Para surpresa da mulher que as observava, Cassandra imediatamente parou de chorar, limitando-se a encarar sua irmã mais velha com aqueles seus olhos castanhos muito claros, quase dourados, antes de estender uma de suas mãozinhas para agarrar-lhe o dedo indicador. Natalia simplesmente sorriu, embalando desajeitadamente a irmãzinha enquanto cantarolava uma canção de ninar.

Os anos se passaram rapidamente depois disso, e as duas meninas cresceram. Nia, então já com quinze anos, estava deitada sob uma árvore em um dia de verão, girando pensativamente entre os dedos o pingente de pedra-estrela. Era algo de seu passado, algo que possuía desde que conseguia se lembrar. Mas a questão sobre de onde ele teria vindo era o que realmente a incomodava.

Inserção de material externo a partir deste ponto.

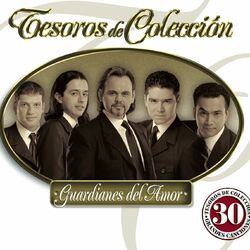 Cover of Tesoros De Colección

— Nia! — Uma garota exclamou, fazendo a morena dar um pulo de susto.

Natalia se virou, encarando uma menina de treze anos pequenina com longos cabelos loiros e olhos de um peculiar castanho-dourado.

— Cassie! — A adolescente sibilou, irritada. — Que droga, pirralha!

Cassandra riu alto e deitou-se ao lado de sua irmã. Notando o pingente entre os dedos de Nia, a garota mais nova aproximou-se mais para examiná-lo.

—  Me conta de novo. —  A loira pediu. — Onde foi mesmo que você conseguiu esse colar?

—  Sei lá. —  Nia deu de ombros. — Eu não me lembro. Mas esse colar é especial, disso eu tenho certeza.

—  Acha que talvez tenha sido da nossa mãe?

—  Acho. —  A morena assentiu, embora sem muita convicção. — Só o que eu sei é que esse colar é meio que um amuleto. Ele me protege.

— Será? — Cassie perguntou com interesse. — E por que você acha que não se lembra de nada?

— Não faço a mínima ideia. — A menina mais velha respondeu pensativamente. — Mas bem que eu queria descobrir.

A isso Cassie não respondeu, aninhando-se mais perto de sua irmã e pousando a cabeça em seu ombro. As duas ficaram deitadas ali juntas, em total silêncio, cada qual perdida nos próprios pensamentos.